The entire hour and half that I stayed, Noah was afraid I was going to leave him. Sometimes he felt safe and ventured off to explore the variety of things to do, but if I stood up from my seat, he was on me, whining: “Don’t go.” When we went outside to play he ran out to the jungle gym. I thought it was a good opportunity to ask him if I could leave. I told him I was going and he seemed okay with it. I kissed him and walked away. Just before I left the play yard, I heard him running and crying toward me, but it was too late. I had reentered the classroom and I felt that reappearing would create the same situation. The following day I stayed again, but not as long. He cried again when I left. I felt gridlocked. I was confused because Noah cried whether I stayed or not.
I asked my husband to stay with him the next day. He stayed, but again, Noah cried when he left. I didn’t know what was best for Noah. Should I stay or should I go? Since he cried either way, I thought perhaps I should let him go and trust his resilience. The next day he cried again when I left and it tore my heart out. How long would this go on?
Then I recalled when I first put him in daycare. I was recovering from a major Fibromyalgia flare and could not stay with him had I wanted to. My days were spent in bed resting up in order to take care of him at night. Every day for the first month of daycare, Noah cried when I dropped him off. A month! I don’t know how I did it then. Maybe my own health was too fragile to be affected or maybe I didn’t know what I do now about transitioning. I would not let this separation anxiety go on for an entire month, which meant I had to stay with Noah until he felt comfortable with letting me go. I was back at square one. I sat in my car, every ounce of me wanting to walk straight into that school and scoop my child up and bring him home, but I drove away.
On the sixth day of school, Noah assured me from his car seat that I could stay with him. I decided to play out what I thought he might be feeling. I said I didn’t know the kids and that was scary. He said, “not scary, Mommy.” I said I didn’t know the teachers and that was scary. Same response. So when I dropped him off I said hello to the other kids and I kissed Noah goodbye, intending to stay if he cried, but he didn’t. I wanted to jump for joy all the way back to my car.
I believe that if I hadn’t taken the time to help him through his first week of school, the crying would have continued for more weeks. Even though I didn’t stay with him from day one, I showed him he was important enough to take the time to put myself in his shoes, in a new environment with new people. Both Daddy and Mommy spent time with him in school, which although it was inconsistent, showed him that his feelings were important.

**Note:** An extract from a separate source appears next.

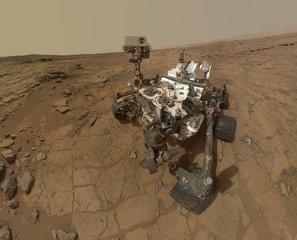 This self-portrait of NASA's Mars rover Curiosity combines dozens of exposures taken by the rover's Mars Hand Lens Imager on Feb. 3, 2013 plus three exposures taken May 10, 2013 to show two holes (in lower left quadrant) where Curiosity used its drill on the rock target "John Klein".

I learned that I had to honor my intuition even when the odds were stacked up against me. The most revealing lesson I discovered was how afraid I was to assert my rights as a mother, although I’ve never been afraid to assert my rights for myself.
Parenting doesn’t come naturally. I can defend myself as a woman, but because I’m new at being at mother, it is difficult to defend myself as a mother. Despite popular opinion, parents can draw boundaries and be models, but they shouldn’t try to “control” their kids in order to make them bend to their own agenda. There are tools to be used as in any profession to assure that you are doing the best job you can do. I intend to seek out these tools as often and as diligently as I can, based on the developmental stage my child is at. I intend to listen to him. If he needs me, I’ll be there to teach him that he doesn’t really “need” me until he believes it for himself. Kids don’t learn that by themselves. They internalize abandonment or distrust. I’d much rather have Noah learn through love and empathy how to self-regulate his emotional life in order to prepare him for the turbulent roads ahead.